Csv text imports differently in Panorama X than in 6

I found a subtle difference with how some text files were importing into a program I’ve converted from Pan6 to PanX. To simplify it: make new databases in each, both consisting of two text fields, A and B. Then import (either via menus or programmatically) into each the following text file:

program, but
program,but

In PanX both records will be identical, with no spaces. In Pan6 the space before the first ‘but’ will appear in field B.

So far the impact of this on me has been trivial, but someone may find it more significant and sneaky to pin down. I don’t think I want the new behavior changed back to the old. But the fact that there is this difference should be documented somewhere, so I’m posting it here.
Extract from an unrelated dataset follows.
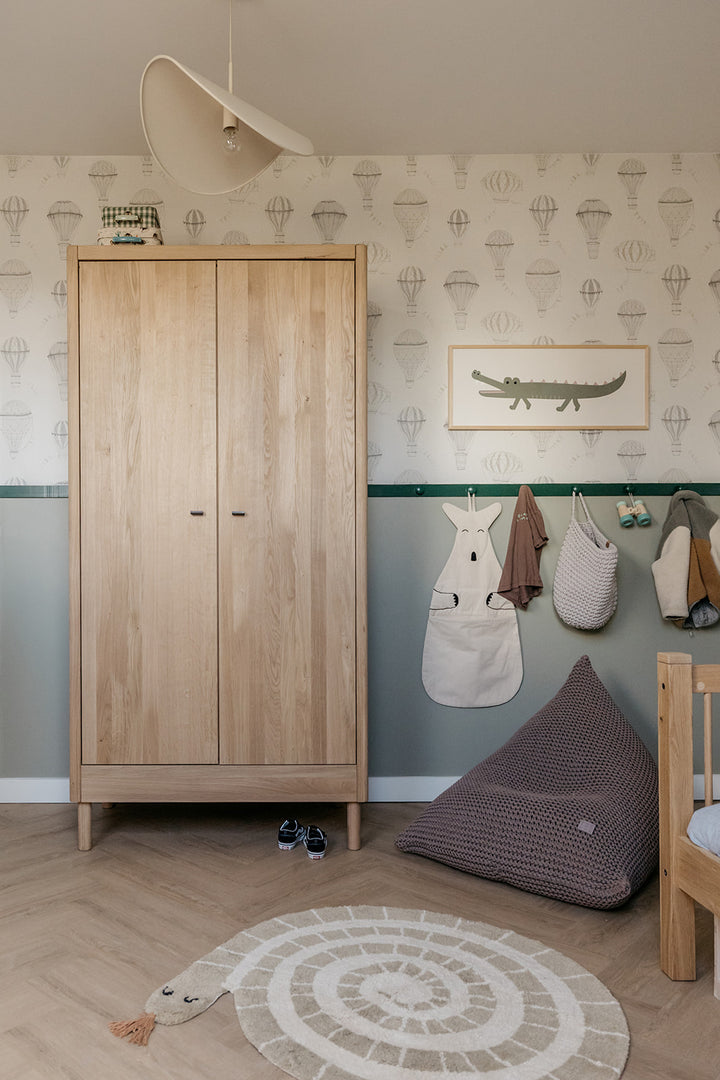 Children's room with wooden wardrobe, bean bag, and wall art.
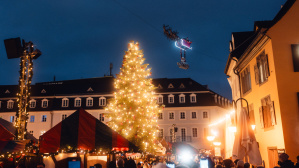 Christkindl-Markt auf dem St. Johanner Markt mit großem geschmücktem Tannenbaum und dem fliegenden Weihnachtsmann darüber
Ideally it can be worked into Panorama’s documentation along with how to achieve the old behavior, if wanted. I presume such is possible although I haven’t thought out how yet.

Panorama X is importing the CSV data correctly according to the standard. According to the standard, if you want leading or trailing spaces, the data must be quoted, like this:

program," but"

Panorama X will now correctly match the way other programs handle CSV text, like Excel, Numbers, etc.

Another way of putting this is that this was a bug in Panorama 6, which has now been corrected. In fact, there were quite a few bugs in Panorama 6’s CSV handling, which have all been corrected by using a true parser instead of the simple minded import code that Panorama 6 used. (Plus, of course, Panorama X accepts Unicode text.)

I’d rather suspected this reflected Panorama X correcting Panorama 6, which is why I didn’t want it ‘fixed.’ I just wanted it documented somewhere on the short but sneaky list of X vs. 6 known differences, to consider when conversions don’t just work out of the box. And thanks for supplying the method for including leading or trailing spaces, when so desired.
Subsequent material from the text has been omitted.